File metadata and controls

142 lines (96 loc) · 7.11 KB

Sylvan Logo Sylvan.Data.Csv

Sylvan.Data.Csv is a high-performance .NET library for reading and writing CSV data files. Of the many CSV libraries that I've benchmarked it is the fastest. It has also been independently benchmarked among an extensive collection of .NET CSV libraries.

In addition to being fast, it also offers a complete CSV implementation with an intuitive API. It supports headers, custom delimiters, quoted fields with delimiters and new lines, escapes, etc.
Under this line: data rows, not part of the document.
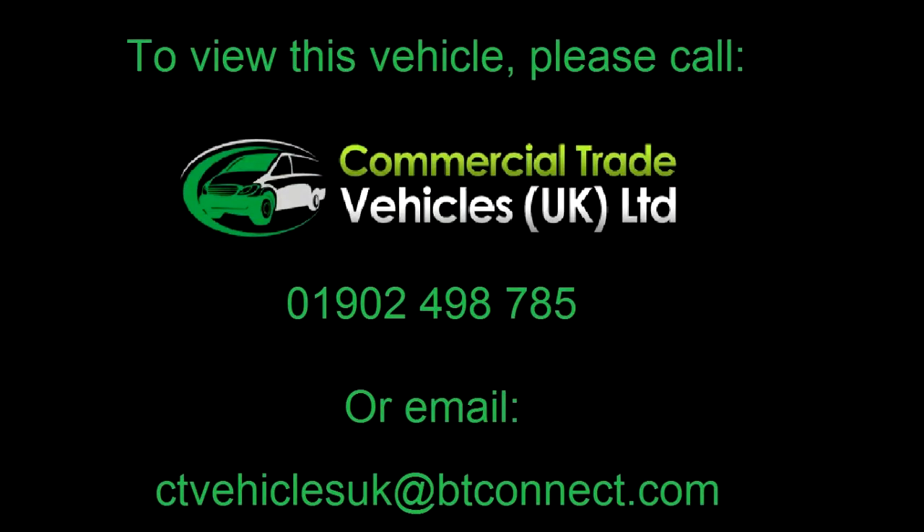If you'd like to enquire about this vehicle, please call 01902 498 785 and we can arrange a FaceTime video call.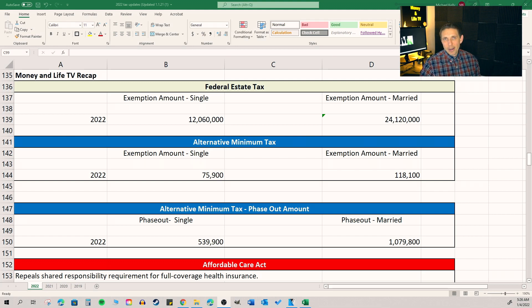Alternative minimum tax — I'm not really going to cover this in this video. I did do a video a few years ago on how it works. It's very complicated and most people aren't affected by it, but it's on the spreadsheet so feel free to check it out if you'd like.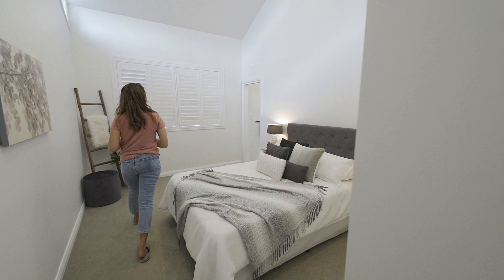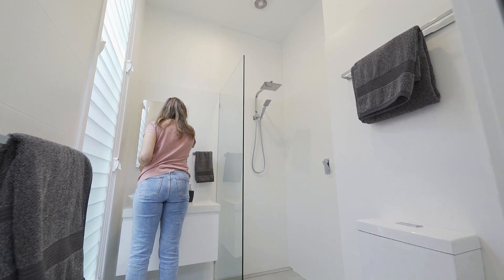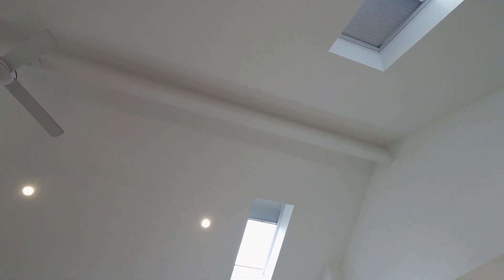The home showcases three large bedrooms, the main bedroom with a bonus ensuite. The extremely high ceilings and skylights ensure an abundance of natural light throughout.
The primary class, CsvDataReader, derives from System.Data.Common.DbDataReader, and so provides a familiar API for anyone who's worked with ADO.NET, and allows it to interoperate easily with other common libraries.

Installation

Sylvan.Data.Csv Nuget Package

Install-Package Sylvan.Data.Csv

Release Notes

A few examples of common use cases are documented here.

The default behavior should be sufficient for most cases, and there are a number of options for configuring the behavior of the CSV data reader and writer.

Null/Empty field handling

By default, all fields are considered non-nullable strings. This means that an empty (or missing) field will be processed as a non-null, empty string. This behavior can be changed by providing CsvSchema.Nullable as the CsvDataReaderOptions.Schema property which will treat all columns as nullable strings, or by providing a custom ICsvSchemaProvider implementation which allows customizing the type and nullability per column.

Features

Schema

CsvDataReader supports providing a schema for CSV data. Such a schema is useful if the data is going to be passed directly to another tool capable of processing the schema, such as SqlBulkCopy or APIs that bind row data to objects. By default, columns are treated as non-null strings. The Sylvan.Data package provides APIs for easily defining/serializing schemas, as well as binding row data to objects.

Delimiter Detection

By default, the CsvDataReader will attempt to detect the delimiter being used. This is done by counting the number of candidate delimiters in the header row. Candidate delimiters include: ',', '\t', ';', and '|'. By explicitly specifying a delimiter, this feature will be disabled.

Async

CsvDataReader and CsvDataWriter both support async operations.

String Pooling

CsvDataReader supports de-duplicating strings during reading. CSV files often contain very repetetive data, so loading each value as a unique string can be extremely wasteful. By default, repeated values will be returned as a new, duplicated string. However, one can optionally provide a function which allows de-duplicating strings. The Sylvan.Data.Csv library doesn't provide an implementation, but Sylvan.Common library provides one via the StringPool class. This implementation is faster and requires fewer allocations than de-duping using a HashSet<string> after the fact, as it will de-dupe directly out of the internal CSV read buffer.

using Sylvan;
using Sylvan.Data.Csv;

var pool = new StringPool();
var opts = new CsvDataReaderOptions { StringFactory = pool.GetString };
var csv1 = CsvDataReader.Create("demo1.csv", opts);
// the pool can be re-used across multiple files
var csv2 = CsvDataReader.Create("demo2.csv", opts);

Here are some real-world examples of the impact of string pooling. These examples load the entire CSV data set into memory binding to a strongly-typed object. The memory usage is as reported in Windows Task Manager, so includes more than just the raw data size.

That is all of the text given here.